Death Race 2000 is rated R.
I had seen Death Race 2000 on TV over the years, but it wasn’t until I saw it on this DVD that I realized how heavily edited it was. They took out the blood spurting when people were run over, the heads crushing under tires, and the T&A. None of these made the film any better, but they certainly made it a more intense film. And while this film is labeled as a “special edition”, there’s nothing new added to it.
I actually met David Carradine in person a month ago at a film location in Austin. It was kind of surreal to see him in this over-the-top role. (Then again I interviewed him in a trailer while he wore a caveman outfit, so that was surreal, too.) But it was even more surreal to see a young Sylvester Stallone playing Machine Gun Joe. Who would have thought he would go on to be one of the world’s biggest action stars.
This special edition DVD is a bit light on the bonus features.

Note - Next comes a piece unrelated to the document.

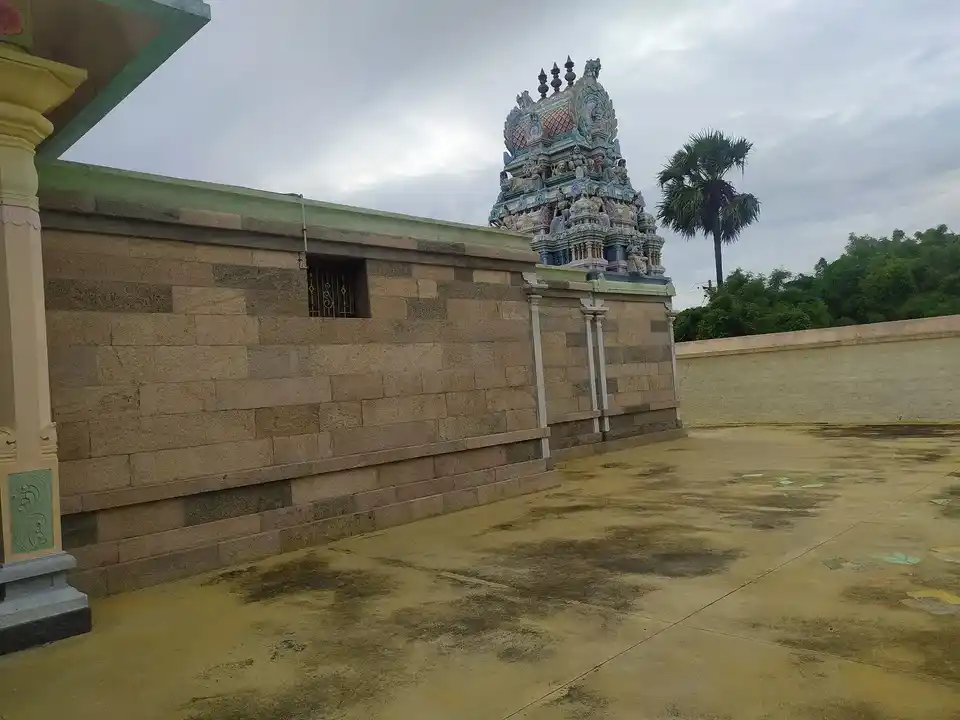 Arulmigu Perriyamman Temple, Erasinampalayam, Erasinampalayam - 638106 அருள்மிகு பெரியம்மன் திருக்கோயில், எரசினம்பாளையம், எரசினம்பாளையம் - 638106, Tiruppur - Ancient Temple Architecture and History Image 3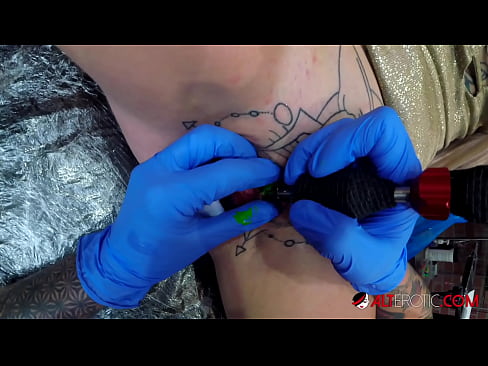 ❤️ Keçika pir tattookirî Sully Savage tattooek li ser klîtorê xwe kir. ❤ Vîdyoyê seksî li me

There’s a “making of” video featuring Roger Corman, actor Martin Kove, actress Mary Woronov, and writer Charles Griffith. (Carradine and Stallone are notably absent.) They talk about everything from the making of the cars to the nude scenes in the film. Also included is a commentary featuring Corman and Woronov.
If you’re in the mood for a B-Movie and you walk into this film knowing full-well how bad it is, then you might enjoy Death Race 2000. It’s certainly good for a few laughs, especially if you’re a fan of Stallone or Carradine.